Washington (CNN) -- The weirdest campaign ad of this season -- maybe any season -- debuted on the Internet this past week. The ad has been nicknamed, "Demon Sheep," and can be viewed here.

The ad is an opening salvo in what will could prove the most expensive Senate race in U.S. history. The incumbent, Barbara Boxer, has always been the less popular of California's two Democratic senators. Boxer now looks vulnerable. Two Republicans declared early for the nomination against Boxer: state Sen. Chuck DeVore and former Hewlett Packard CEO Carly Fiorina.

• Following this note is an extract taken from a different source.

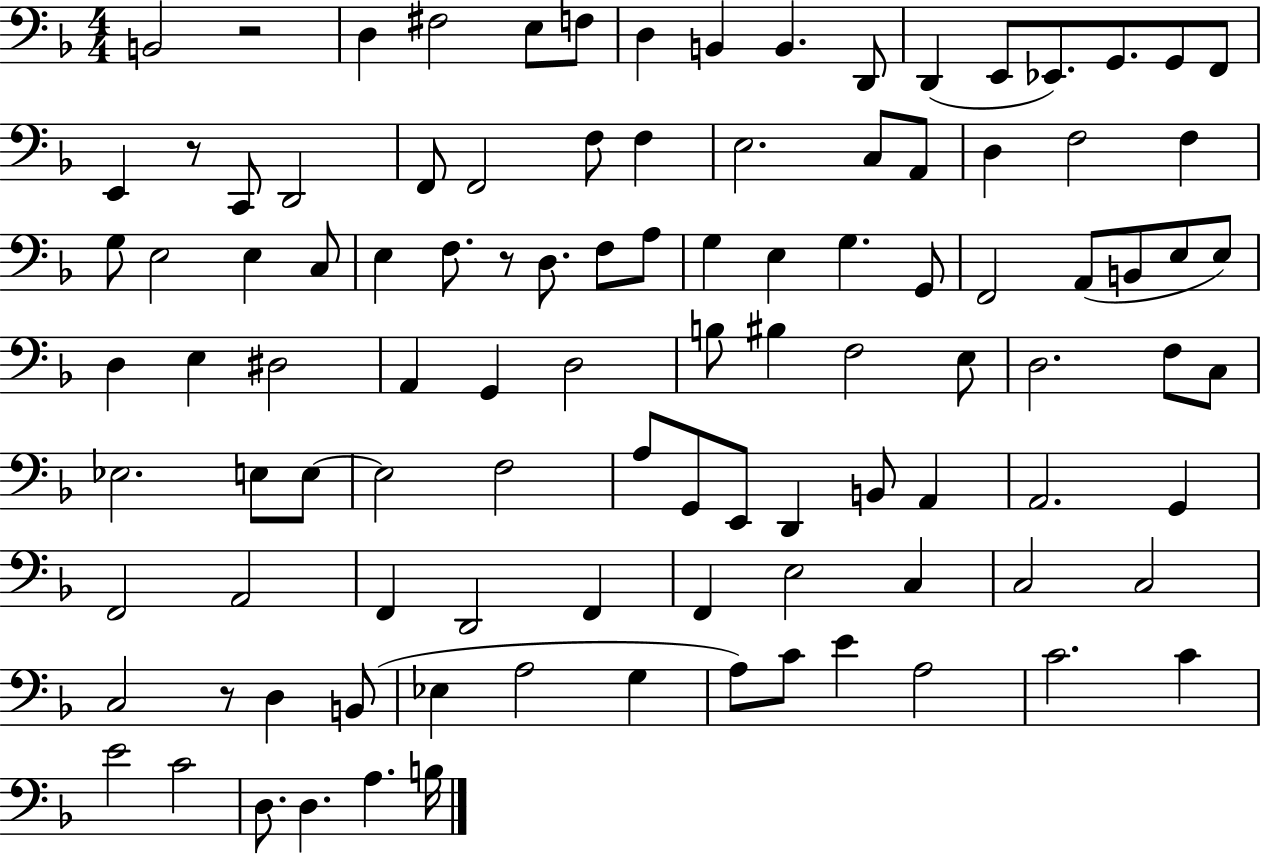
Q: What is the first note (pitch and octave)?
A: B2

Fiorina took an early lead. But her performance on the campaign trail disheartened many of her supporters. Worse, Fiorina never developed a good answer to the questions about her business career. Portfolio magazine had dubbed Fiorina one of the 20 worst CEOs of all time after a disastrous merger with Compaq.

Fiorina was fired in 2005 after company stock dropped 60 percent in a year. She herself walked away with a payday estimated as high as $40 million. That history was tough to explain to hard-pressed voters.

Facing an intensifying risk of self-inflicted defeat in a winnable race, party leaders and donors enticed former state budget director Tom Campbell into the race. Campbell immediately stepped into first place in the polls, five points ahead of Fiorina, 15 ahead of DeVore. The "demon sheep" ad was Fiorina's attempt to head Campbell off at the pass.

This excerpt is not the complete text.